(Input data)
*** Begin section ***

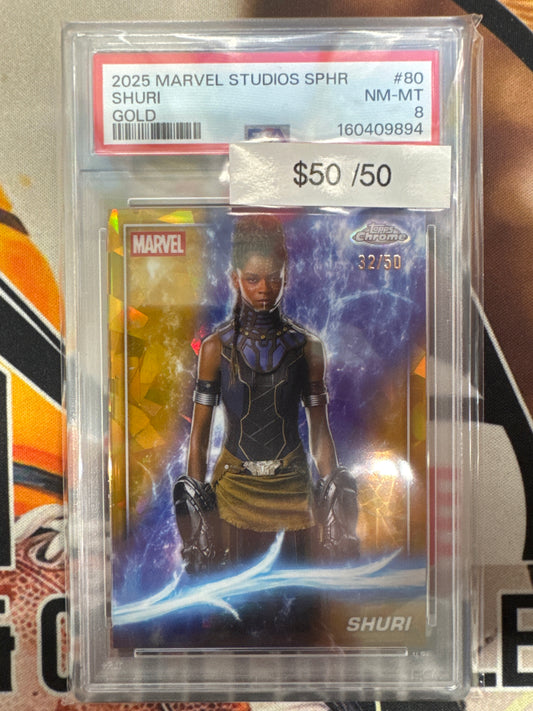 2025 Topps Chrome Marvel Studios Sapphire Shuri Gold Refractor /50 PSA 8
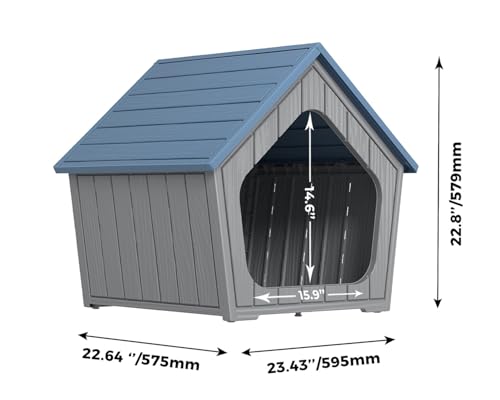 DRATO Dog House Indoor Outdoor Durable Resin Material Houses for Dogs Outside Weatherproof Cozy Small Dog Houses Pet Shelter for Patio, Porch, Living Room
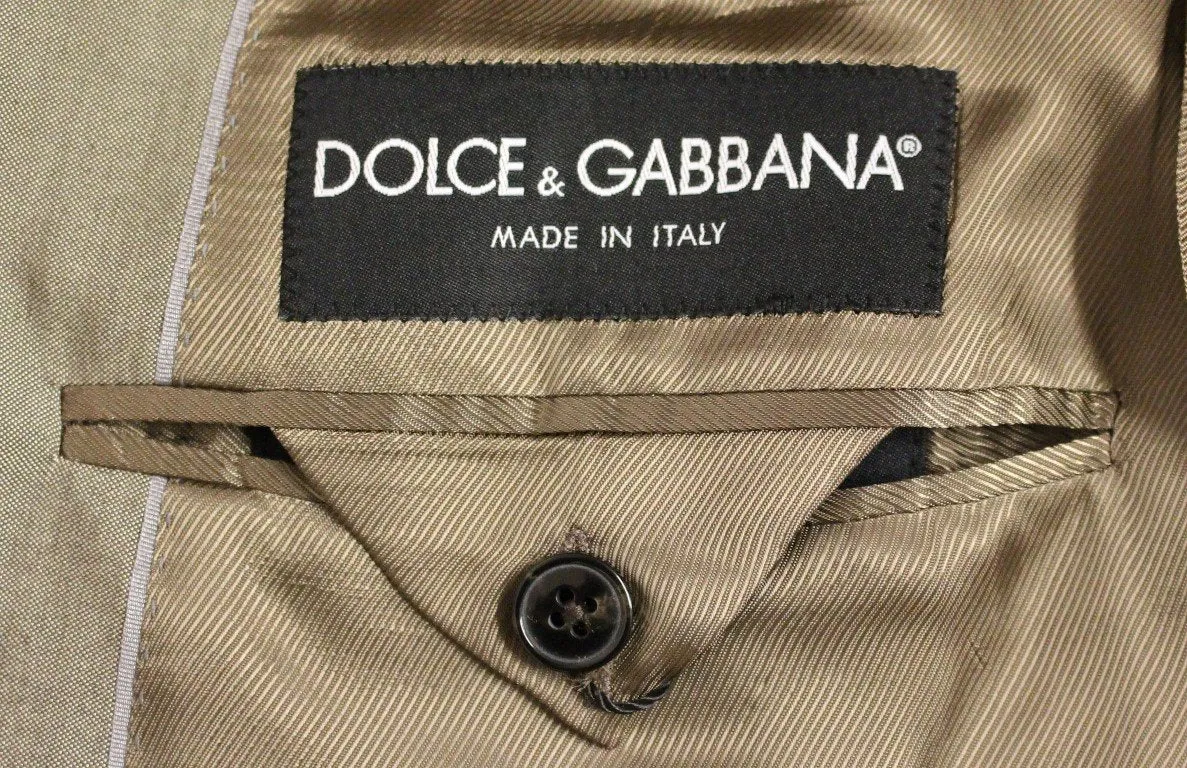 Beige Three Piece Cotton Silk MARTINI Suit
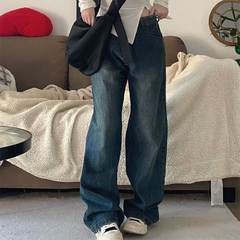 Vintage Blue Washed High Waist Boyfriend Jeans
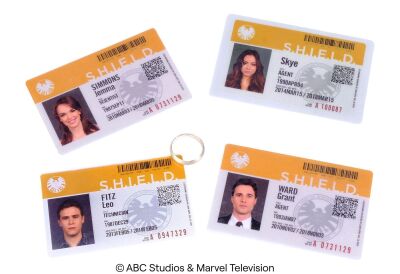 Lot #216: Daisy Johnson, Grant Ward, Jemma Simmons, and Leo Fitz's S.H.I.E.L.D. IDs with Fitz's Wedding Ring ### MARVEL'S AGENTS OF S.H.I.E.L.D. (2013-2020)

*** End section ***
*** Begin section ***

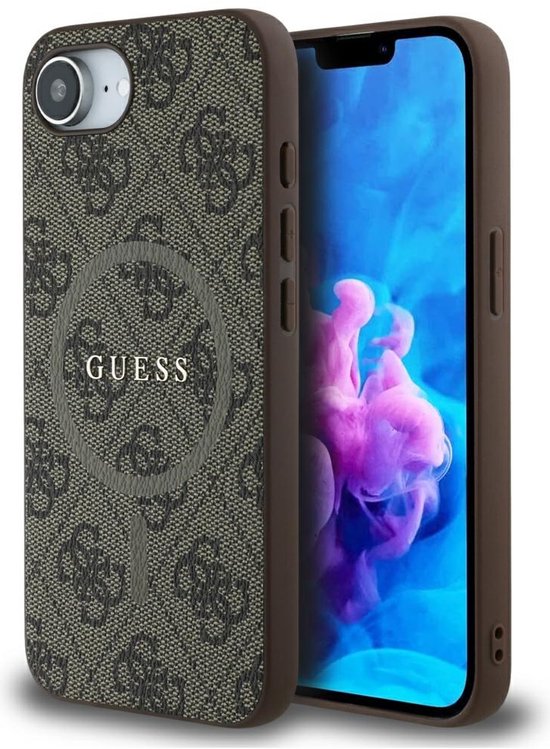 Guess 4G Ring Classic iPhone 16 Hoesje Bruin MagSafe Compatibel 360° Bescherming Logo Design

*** End section ***
*** Begin section ***

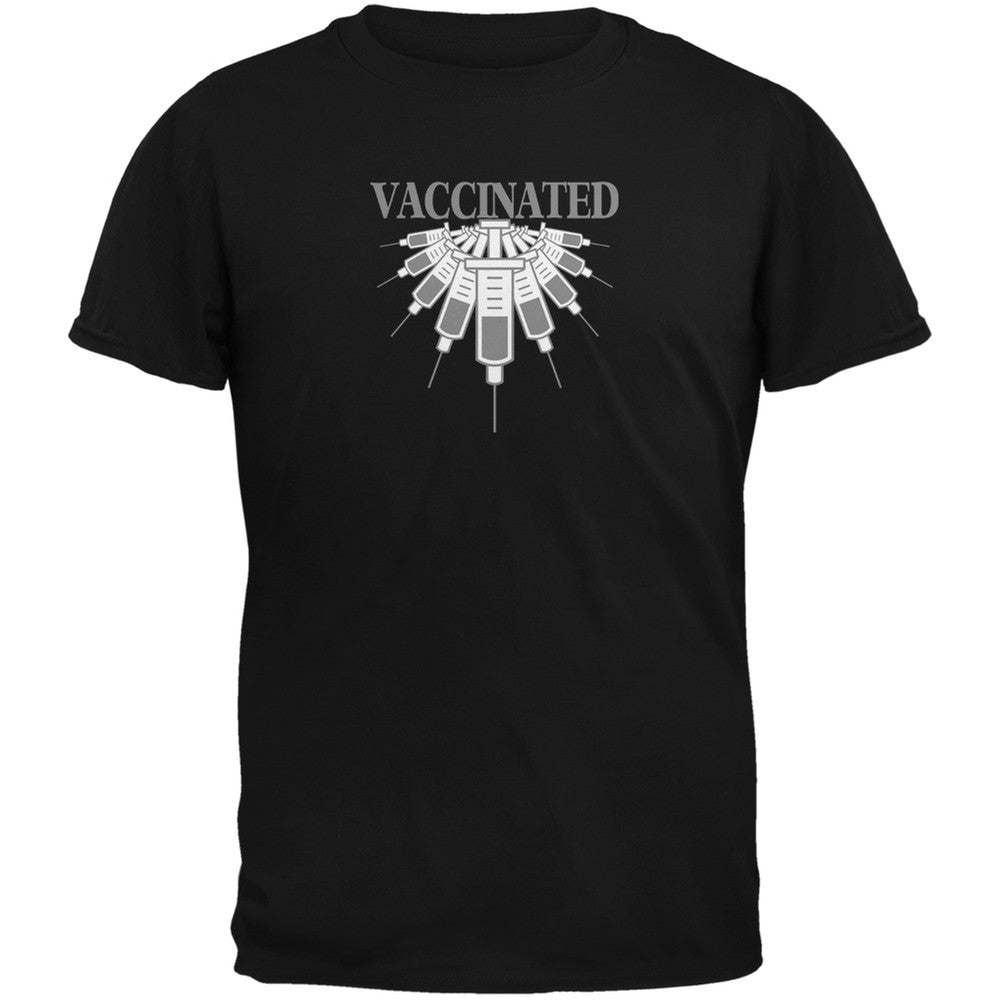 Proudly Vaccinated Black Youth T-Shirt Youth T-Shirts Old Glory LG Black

*** End section ***

(Task)
Restate word for word every line from the one with "2025 Topps Chrome" up to and including the one with "Lot #216: Daisy" in the records above, minus the pictures.

(Result for this exercise)
 2025 Topps Chrome Marvel Studios Sapphire Shuri Gold Refractor /50 PSA 8
 DRATO Dog House Indoor Outdoor Durable Resin Material Houses for Dogs Outside Weatherproof Cozy Small Dog Houses Pet Shelter for Patio, Porch, Living Room
 Beige Three Piece Cotton Silk MARTINI Suit
 Vintage Blue Washed High Waist Boyfriend Jeans
 Lot #216: Daisy Johnson, Grant Ward, Jemma Simmons, and Leo Fitz's S.H.I.E.L.D. IDs with Fitz's Wedding Ring ### MARVEL'S AGENTS OF S.H.I.E.L.D. (2013-2020)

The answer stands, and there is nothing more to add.